■ **EXTRACTED ENTRIES**
#####
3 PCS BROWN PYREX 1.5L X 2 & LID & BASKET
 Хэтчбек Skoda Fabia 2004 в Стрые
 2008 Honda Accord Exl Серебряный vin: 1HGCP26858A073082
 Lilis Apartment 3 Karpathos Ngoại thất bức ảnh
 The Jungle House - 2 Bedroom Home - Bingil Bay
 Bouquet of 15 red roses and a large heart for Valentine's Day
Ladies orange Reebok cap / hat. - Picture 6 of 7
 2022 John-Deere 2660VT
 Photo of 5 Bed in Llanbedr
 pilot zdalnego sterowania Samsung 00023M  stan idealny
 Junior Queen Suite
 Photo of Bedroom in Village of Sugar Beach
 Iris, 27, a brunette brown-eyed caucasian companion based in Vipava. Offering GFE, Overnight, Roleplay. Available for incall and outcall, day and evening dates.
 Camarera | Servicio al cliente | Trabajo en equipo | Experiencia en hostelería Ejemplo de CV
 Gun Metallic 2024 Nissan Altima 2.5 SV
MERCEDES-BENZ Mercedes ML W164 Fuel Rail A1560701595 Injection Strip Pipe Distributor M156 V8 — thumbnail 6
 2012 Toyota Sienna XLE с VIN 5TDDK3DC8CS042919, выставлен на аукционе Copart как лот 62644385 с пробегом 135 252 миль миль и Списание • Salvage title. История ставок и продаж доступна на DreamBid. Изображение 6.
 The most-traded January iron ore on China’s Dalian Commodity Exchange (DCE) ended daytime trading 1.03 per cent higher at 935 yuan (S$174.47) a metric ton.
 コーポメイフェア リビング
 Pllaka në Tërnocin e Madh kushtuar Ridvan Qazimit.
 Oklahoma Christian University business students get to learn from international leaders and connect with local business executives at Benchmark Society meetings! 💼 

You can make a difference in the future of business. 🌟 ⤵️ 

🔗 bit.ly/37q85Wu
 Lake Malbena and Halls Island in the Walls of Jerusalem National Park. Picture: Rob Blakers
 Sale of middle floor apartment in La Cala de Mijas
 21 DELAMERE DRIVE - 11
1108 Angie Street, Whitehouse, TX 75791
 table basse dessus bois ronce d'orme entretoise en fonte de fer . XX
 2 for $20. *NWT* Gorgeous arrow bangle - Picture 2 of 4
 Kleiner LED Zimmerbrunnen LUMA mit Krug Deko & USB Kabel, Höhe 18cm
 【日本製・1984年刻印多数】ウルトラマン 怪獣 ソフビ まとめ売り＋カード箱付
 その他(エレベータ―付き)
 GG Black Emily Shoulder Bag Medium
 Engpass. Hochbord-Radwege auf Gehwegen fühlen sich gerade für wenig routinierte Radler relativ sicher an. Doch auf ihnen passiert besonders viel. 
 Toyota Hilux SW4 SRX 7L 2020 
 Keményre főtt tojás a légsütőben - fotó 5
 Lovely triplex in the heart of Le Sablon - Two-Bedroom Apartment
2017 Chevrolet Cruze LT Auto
#####
■ **ASSIGNMENT**
None of the records may be left out; each is to be restated exactly.

■ **YOUR RESPONSE**
3 PCS BROWN PYREX 1.5L X 2 & LID & BASKET
 Хэтчбек Skoda Fabia 2004 в Стрые
 2008 Honda Accord Exl Серебряный vin: 1HGCP26858A073082
 Lilis Apartment 3 Karpathos Ngoại thất bức ảnh
 The Jungle House - 2 Bedroom Home - Bingil Bay
 Bouquet of 15 red roses and a large heart for Valentine's Day
Ladies orange Reebok cap / hat. - Picture 6 of 7
 2022 John-Deere 2660VT
 Photo of 5 Bed in Llanbedr
 pilot zdalnego sterowania Samsung 00023M  stan idealny
 Junior Queen Suite
 Photo of Bedroom in Village of Sugar Beach
 Iris, 27, a brunette brown-eyed caucasian companion based in Vipava. Offering GFE, Overnight, Roleplay. Available for incall and outcall, day and evening dates.
 Camarera | Servicio al cliente | Trabajo en equipo | Experiencia en hostelería Ejemplo de CV
 Gun Metallic 2024 Nissan Altima 2.5 SV
MERCEDES-BENZ Mercedes ML W164 Fuel Rail A1560701595 Injection Strip Pipe Distributor M156 V8 — thumbnail 6
 2012 Toyota Sienna XLE с VIN 5TDDK3DC8CS042919, выставлен на аукционе Copart как лот 62644385 с пробегом 135 252 миль миль и Списание • Salvage title. История ставок и продаж доступна на DreamBid. Изображение 6.
 The most-traded January iron ore on China’s Dalian Commodity Exchange (DCE) ended daytime trading 1.03 per cent higher at 935 yuan (S$174.47) a metric ton.
 コーポメイフェア リビング
 Pllaka në Tërnocin e Madh kushtuar Ridvan Qazimit.
 Oklahoma Christian University business students get to learn from international leaders and connect with local business executives at Benchmark Society meetings! 💼 

You can make a difference in the future of business. 🌟 ⤵️ 

🔗 bit.ly/37q85Wu
 Lake Malbena and Halls Island in the Walls of Jerusalem National Park. Picture: Rob Blakers
 Sale of middle floor apartment in La Cala de Mijas
 21 DELAMERE DRIVE - 11
1108 Angie Street, Whitehouse, TX 75791
 table basse dessus bois ronce d'orme entretoise en fonte de fer . XX
 2 for $20. *NWT* Gorgeous arrow bangle - Picture 2 of 4
 Kleiner LED Zimmerbrunnen LUMA mit Krug Deko & USB Kabel, Höhe 18cm
 【日本製・1984年刻印多数】ウルトラマン 怪獣 ソフビ まとめ売り＋カード箱付
 その他(エレベータ―付き)
 GG Black Emily Shoulder Bag Medium
 Engpass. Hochbord-Radwege auf Gehwegen fühlen sich gerade für wenig routinierte Radler relativ sicher an. Doch auf ihnen passiert besonders viel. 
 Toyota Hilux SW4 SRX 7L 2020 
 Keményre főtt tojás a légsütőben - fotó 5
 Lovely triplex in the heart of Le Sablon - Two-Bedroom Apartment
2017 Chevrolet Cruze LT Auto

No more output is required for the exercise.